## Raw data
══════════════════════════════
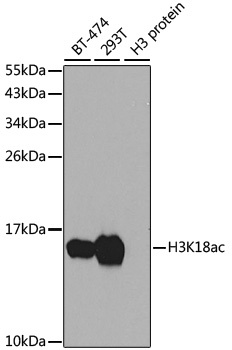 H3K18ac Antibody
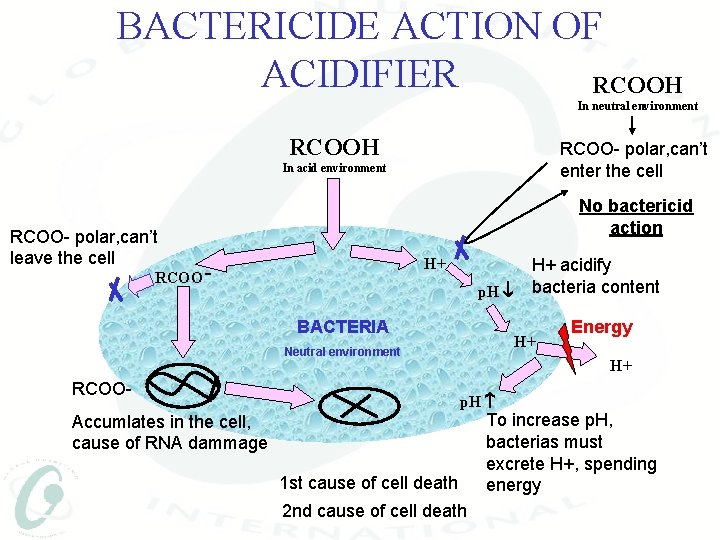 BACTERICIDE ACTION OF ACIDIFIER RCOOH In neutral environment RCOOH RCOO- polar, can’t enter the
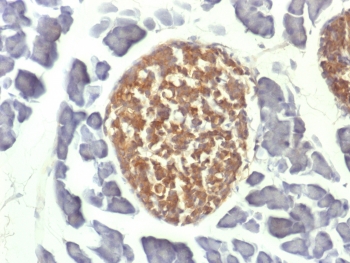 ENO2 / NSE Antibody - IHC testing of FFPE mouse pancreas with NSE antibody (clone ENO2/1462). Required HIER: boil sections in 10mM citrate buffer, pH6, for 10-20 min.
══════════════════════════════
## Task details
From the line with "BACTERICIDE ACTION OF" through the end of the listing, write out every line exactly, leaving out the pictures.

## Solution to this exercise
 BACTERICIDE ACTION OF ACIDIFIER RCOOH In neutral environment RCOOH RCOO- polar, can’t enter the
 ENO2 / NSE Antibody - IHC testing of FFPE mouse pancreas with NSE antibody (clone ENO2/1462). Required HIER: boil sections in 10mM citrate buffer, pH6, for 10-20 min.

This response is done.